Il faut noter toutefois que le coût brut concernant l'électricité – correspondant à la différence entre les 15 % d'augmentation annoncés et les 110 à 120 % anticipés – s'élève à 34 milliards d'euros. Sur ce montant, nous récupérons 9 milliards de TICFE (taxe intérieure sur la consommation finale d'électricité). Par ailleurs, les énergéticiens nous reversent 19 milliards de bénéfices qu'ils ont réalisés sur l'électricité éolienne et solaire, selon le mécanisme proposé par Ursula von der Leyen et qui constitue l'extension à l'échelle européenne du dispositif français. Nous garantissons en effet à tous les énergéticiens depuis des années un prix de rachat du kilowattheure solaire ou éolien, afin de les inciter à investir. Si les prix sont trop bas, nous compensons donc le manque à gagner. Il est parfaitement légitime que, lorsque les prix excèdent le tarif garanti, l'État récupère la mise. C'est un mécanisme juste et efficace, qui évite que ces sociétés bénéficient d'une rente en période de flambée des prix.
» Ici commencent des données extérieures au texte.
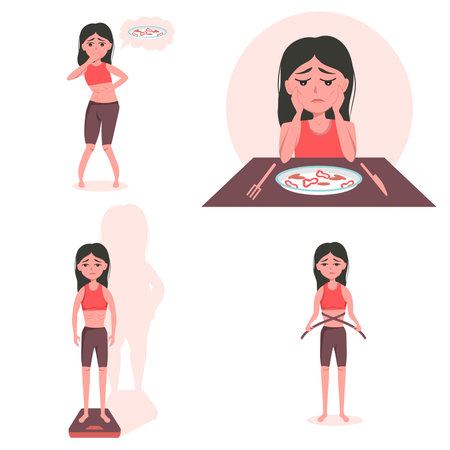 The concept of mental disorder and food addiction - a girl with anorexia, bulimia is afraid to eat, weigh herself, measure body parameters, nauseated at the thought of food.のイラスト素材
Nous protégeons également les entreprises, avec des mécanismes protecteurs de trois ordres. Les plus petites, qui ont un chiffre d'affaires inférieur à 2 millions d'euros et emploient moins de dix salariés, ont accès au tarif réglementé : elles sont déjà protégées.

Les PME, elles, peuvent bénéficier d'une aide plafonnée à 2 millions d'euros, à la condition que leur facture d'énergie représente au moins 3 % de leur chiffre d'affaires et qu'elle ait doublé depuis l'année dernière – cette dernière exigence étant toujours remplie. Nous avions auparavant des critères beaucoup trop contraignants, que nous avons simplifiés. Les nouvelles conditions entreront en vigueur au 1er octobre. J'ai l'espoir que cela débloque le mécanisme et permette à un maximum de PME d'être aidées.

Pour ce qui est, enfin, des entreprises énergo-intensives, qui dépensent un montant substantiel en électricité ou en gaz – aciéries, industries chimiques, verriers, producteurs de carton ou de papier… – le dispositif comportant des paliers à 25 et 45 millions d'euros ne marche pas. Depuis le départ, nous avions dit à la Commission européenne, à longueur de réunion, qu'il était beaucoup trop complexe. Il y a urgence et j'ai demandé à la Commission européenne de le réformer avant la fin de 2022.

Nous allons naturellement prolonger ces dispositifs au-delà du 31 décembre 2022.

À l'échelle européenne, nous travaillons sur des achats communs d'énergie – c'est ce qu'il y a de plus efficace –, sur un plafonnement des prix du gaz et sur la déconnexion définitive des prix du gaz et de l'électricité. J'avais écrit au président de l'Eurogroupe, en octobre 2021, pour réclamer cette déconnexion. Je pense que nous sommes sur la bonne voie. Il est aberrant que les prix de l'électricité décarbonée soient indexés sur le coût marginal d'ouverture de la dernière centrale à gaz. Sur tous ces points, les idées que nous défendons depuis plus d'un an avec le Président de la République sont en passe d'être adoptées par l'Union européenne.

Enfin, la remise de 30 centimes sur les carburants – qui représente un coût total de 7,6 milliards d'euros – permet à nos compatriotes de payer le carburant moins cher au moment où ils en ont le plus besoin, c'est-à-dire en période de rentrée. Cette remise s'éteindra progressivement d'ici au mois de décembre. Nous verrons, début 2023, si le prix du baril reste à un niveau mesuré, de l'ordre de 85 ou 90 dollars, ou si des événements extérieurs le font flamber. Nous adapterons les dispositifs à ce moment-là. Nous passerons, quoi qu'il arrive, à des mécanismes ciblés, notamment en faveur de ceux qui n'ont pas d'autre choix que d'utiliser leur voiture pour travailler.